Market knowledge (as an outcome) results from market knowledge creation processes which encompasses the activities to create market knowledge. Market knowledge is created by integrating resources, specifically information technology and human resources.

With respect to information technology, the unique characteristics of big data - volume, variety, veracity, velocity and value (the five V’s) - make traditional information technologies ill-suited to turn big data into information and ultimately market knowledge. Artificial intelligence (AI) has been discussed as one important information technology for creating market knowledge from big data. The literature suggests that AI is having a profound impact on the creation of market knowledge from big data and calls for more research on understanding the value potential of AI.

Regarding human resources, the primacy of human contributions to the creation of market knowledge has been established in the literature. However, scholars and practitioners alike suggest that AI will change the nature and role of human contributions to creating market knowledge. The literature also suggests that the aspect of AI and human resources in market knowledge has not been adequately studied to date.

Hence, the research problem in this thesis is formulated as “How do marketers create market knowledge from big data using artificial intelligence and human resources?” This research problem is addressed via five research questions (RQs):

RQ 1: How does artificial intelligence contribute to creating market knowledge from big data?

RQ 2: How does artificial intelligence impact the creation of market knowledge from big data and what are the implications for human resources?

RQ 3: How do artificial intelligence and human resources interact in creating market knowledge from big data?
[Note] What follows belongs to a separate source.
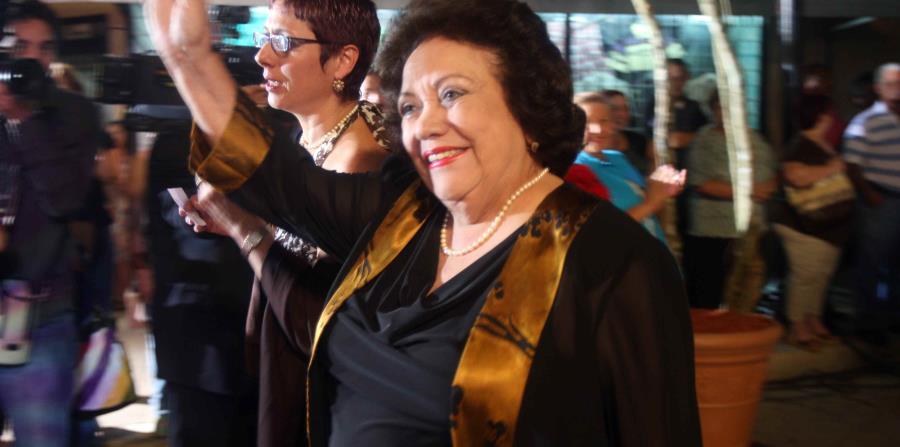 Velda González (horizontal-x3)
RQ 4: What are the mutual contributions of artificial intelligence and human resources in creating market knowledge from big data?

RQ 5: What are the contributions of artificial intelligence and human resources to different activities in creating market knowledge from big data?
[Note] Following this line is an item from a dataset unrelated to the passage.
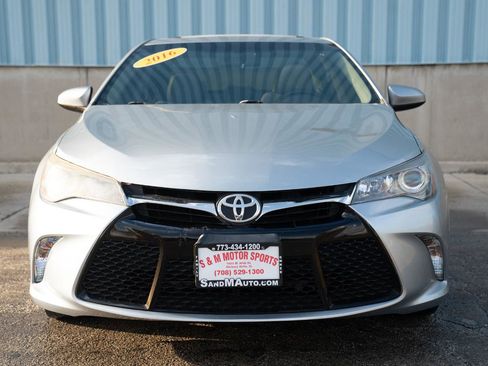 Used 2016 Toyota Camry SE w/ Moonroof Package FWD image 3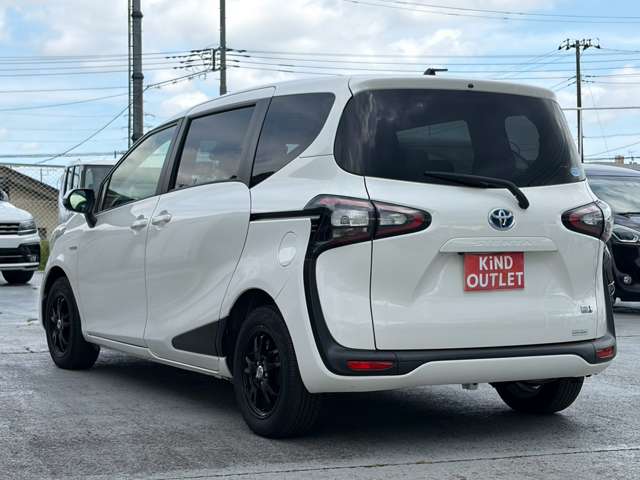 Toyota Sienta 11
The research in this thesis encompasses two studies and three papers. The three papers are published or forthcoming in peer-reviewed journals. The research adopts an interpretivist paradigm and follows a qualitative research approach. The findings provide three key contributions to the body of knowledge and to theory. First, this thesis provides a non-technical understanding of what AI is, how it works and its implications for market knowledge, thus addressing a gap in the marketing literature.

Second, this thesis posits that AI is a resource that meets the criteria of being 'valuable', 'rare', 'in-imitable', and 'organized' (VRIO) postulated by resource-based theory (RBT). The value of AI as a resource occurs in transforming big data into information and also AI transforming information into knowledge. Human resources are an important capability that improve the productivity of AI as a resource. This thesis provides empirical evidence that the nature of contributions offered by AI as a resource and human capabilities differ and explains how they differ.
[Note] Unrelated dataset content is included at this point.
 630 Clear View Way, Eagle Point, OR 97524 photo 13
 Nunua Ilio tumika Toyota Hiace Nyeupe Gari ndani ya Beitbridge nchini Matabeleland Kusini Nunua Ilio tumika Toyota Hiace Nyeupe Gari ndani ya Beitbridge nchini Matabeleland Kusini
Third, this thesis contributes to resource-based theory. It proposes a conceptual model and puts forward five propositions regarding the relationship of AI as a resource, human capabilities and market knowledge. This model and the propositions can be tested in future scholarly work.

This thesis opens with a chapter providing an introduction to the research area, followed by a literature review, a methodology chapter and a chapter discussing the findings and contributions to theory and practice, and outlining opportunities for future research. The papers and studies underpinning this thesis are presented in the last chapter of this thesis.